The expected output is each line from the one containing "Kenny Leu Struggles" to the last line of the data below, set down exactly, minus the pictures.
[[ DATA SECTION open ]]
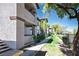 Exterior showing well-maintained landscaping along a walkway, enhancing the property's curb appeal at 45 Maleena Mesa St # 223, Henderson, NV 89074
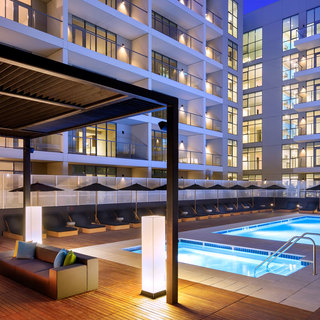 Lounge seating under the courtyard trellis on the pool deck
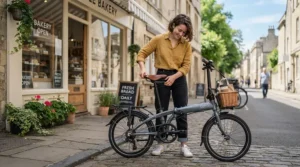 A shorter rider comfortably testing frame sizing on the best e-bike for women outside a local Canadian bike shop.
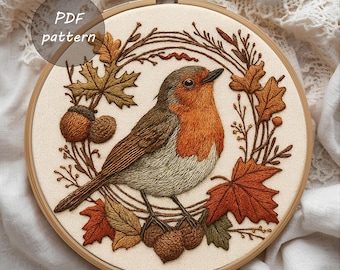 May include: Embroidered artwork of a robin bird surrounded by autumn leaves and acorns, set within a wooden embroidery hoop. The bird has a red breast, brown wings, and a gray belly. The text "PDF pattern" is visible.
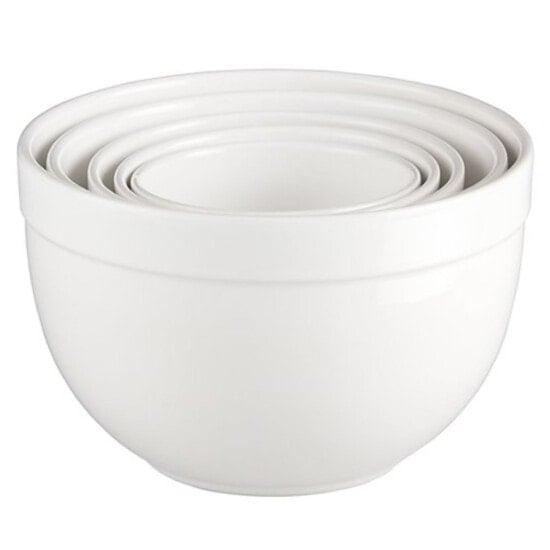a set of white mixing bowls on a white background.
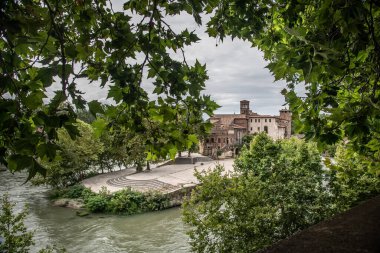 View on Isola Tiberina or the Tiber river Island and Fatebenefratelli Hospital. clipart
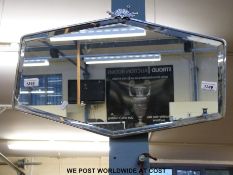 An Art Deco mirror with stylised finial and bevelled glass in silver plate surround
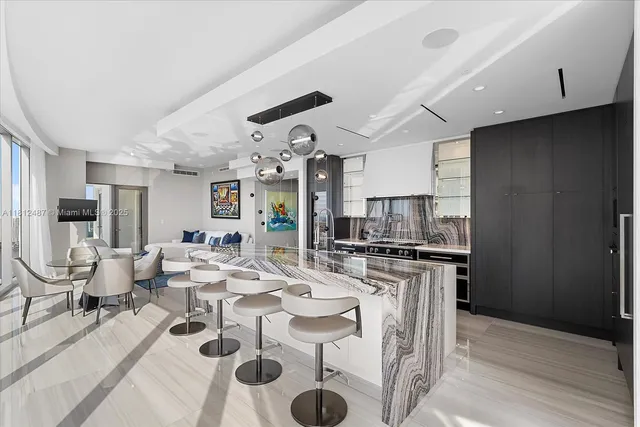 a kitchen with stainless steel appliances granite countertop a refrigerator and a stove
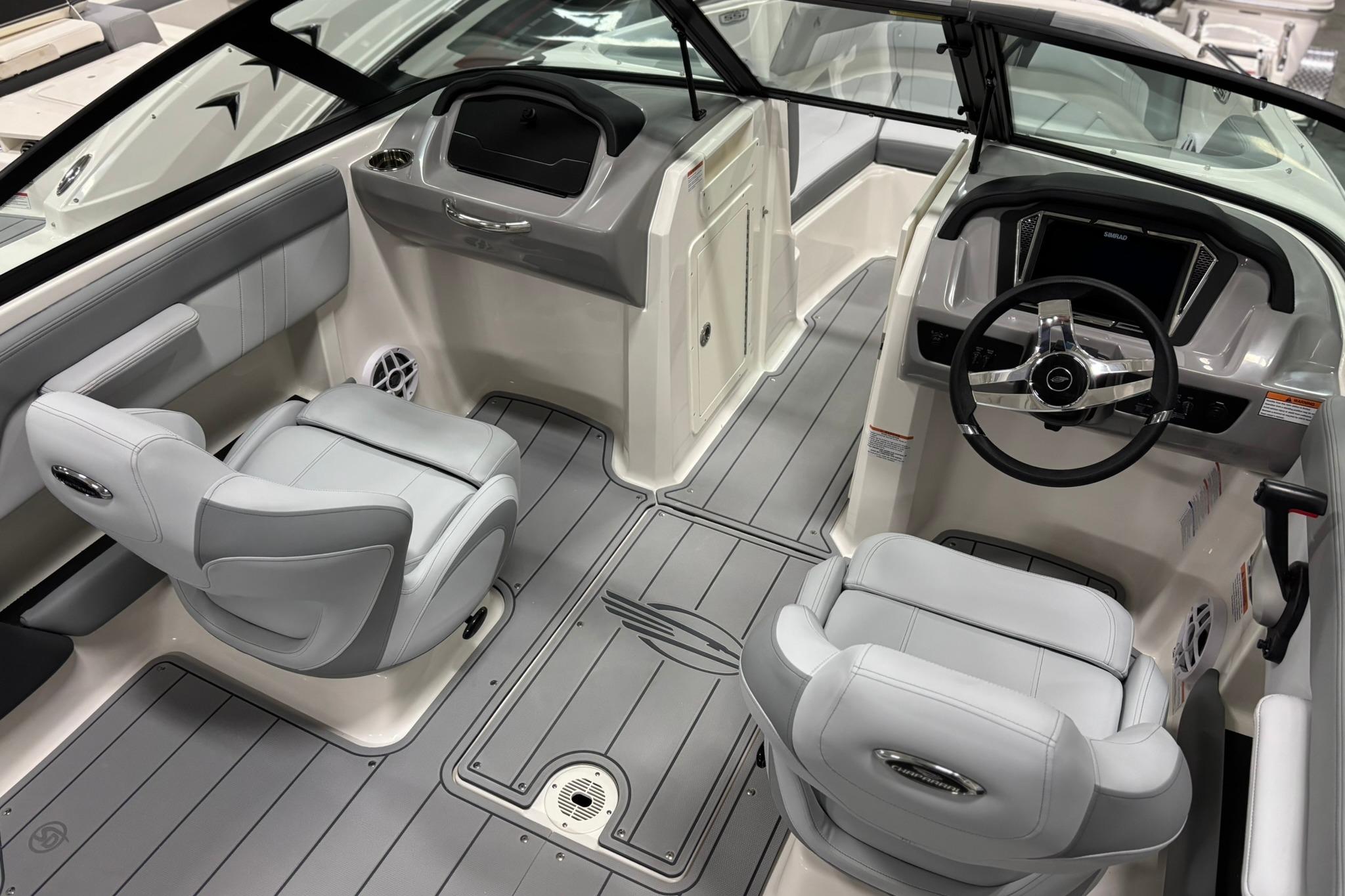 2026 Chaparral 21 SSi OB boat interior with modern helm and seating.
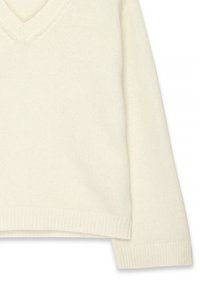 V-neck cream knit sweater with long sleeves, ribbed hem, and textured knit pattern. Fabric appears soft and lightweight.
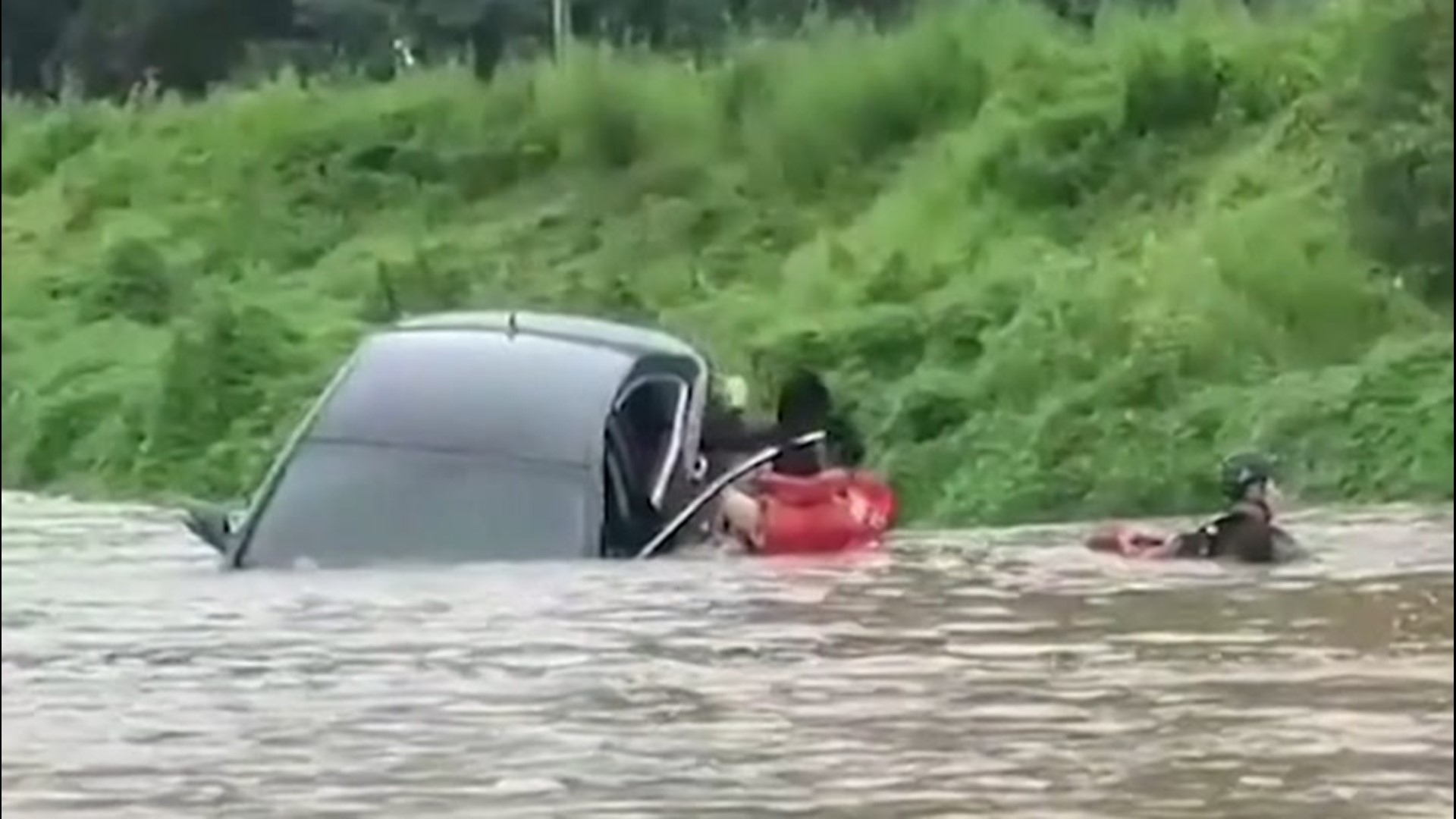 A woman in Cheongsong County, South Korea, was rescued on Aug. 8. Deadly flooding and a landslide caused more than 25 fatalities in the country.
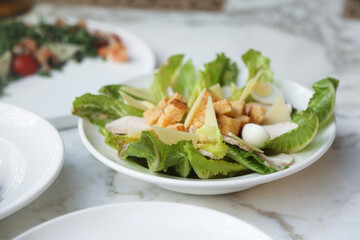 Wall Mural - Traditional Caesar salad with chicken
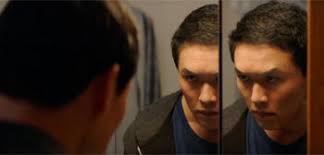 Kenny Leu Struggles with His Guilt in 'A Shot Through the Wall' Trailer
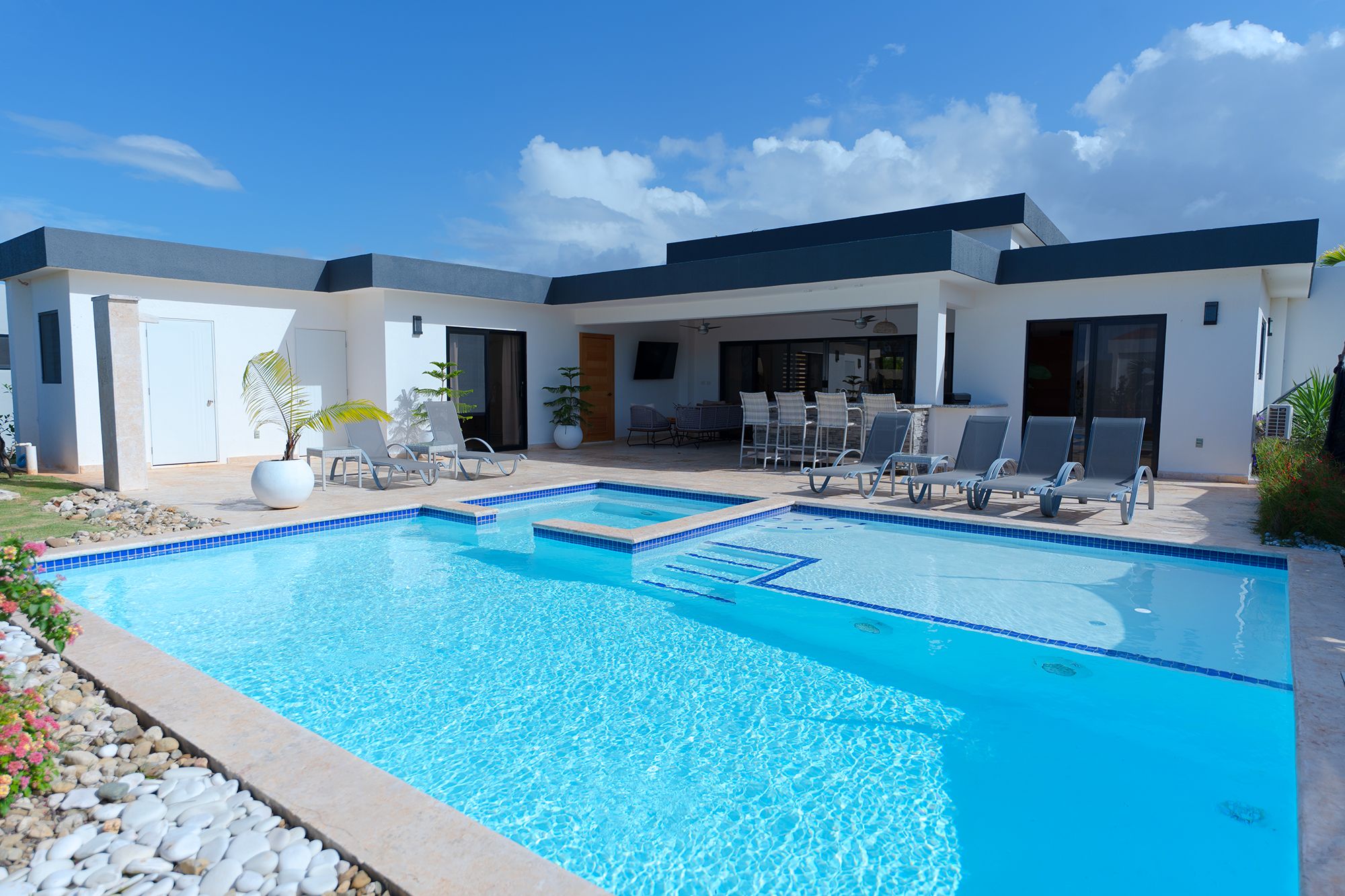 A modern pool area with multiple lounge chairs and a clear blue pool.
[[ DATA SECTION closed ]]
* **ANSWER BELOW**
 Kenny Leu Struggles with His Guilt in 'A Shot Through the Wall' Trailer
 A modern pool area with multiple lounge chairs and a clear blue pool.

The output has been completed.